Work item
Return only the lines of the data below from the line with "Cromoncent Men's Plaid" up to and including the line with "Booker Ženska haljina", exactly as written, with the pictures omitted.

Extracted material
-.-.-

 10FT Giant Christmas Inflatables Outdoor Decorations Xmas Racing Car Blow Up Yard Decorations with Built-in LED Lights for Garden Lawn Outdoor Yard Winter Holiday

-.-.-

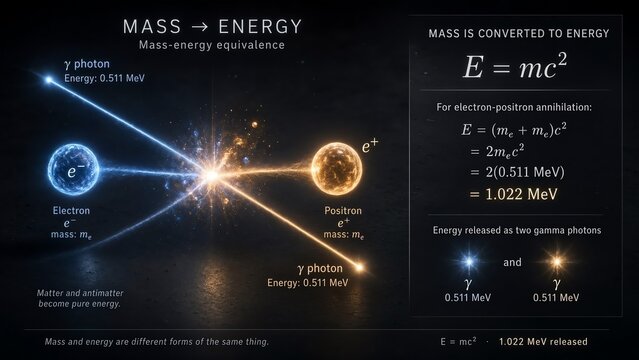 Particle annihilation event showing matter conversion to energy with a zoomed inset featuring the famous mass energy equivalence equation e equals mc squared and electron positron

-.-.-

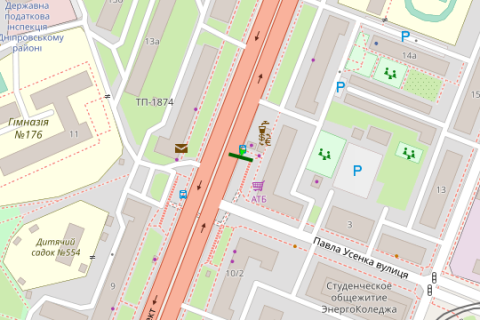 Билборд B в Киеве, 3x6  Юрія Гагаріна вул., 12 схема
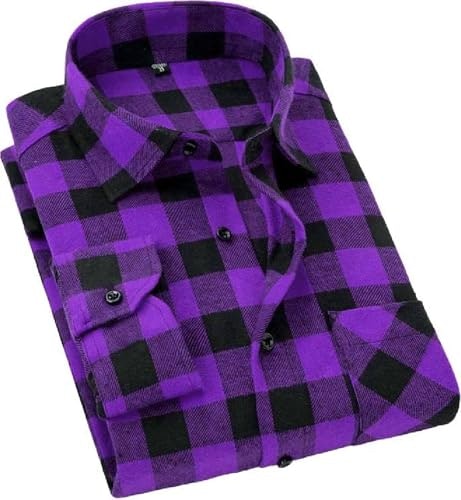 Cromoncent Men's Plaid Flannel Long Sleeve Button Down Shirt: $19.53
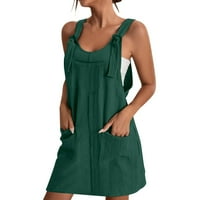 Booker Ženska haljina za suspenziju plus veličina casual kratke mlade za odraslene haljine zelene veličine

-.-.-

Answer for this exercise
 Cromoncent Men's Plaid Flannel Long Sleeve Button Down Shirt: $19.53
 Booker Ženska haljina za suspenziju plus veličina casual kratke mlade za odraslene haljine zelene veličine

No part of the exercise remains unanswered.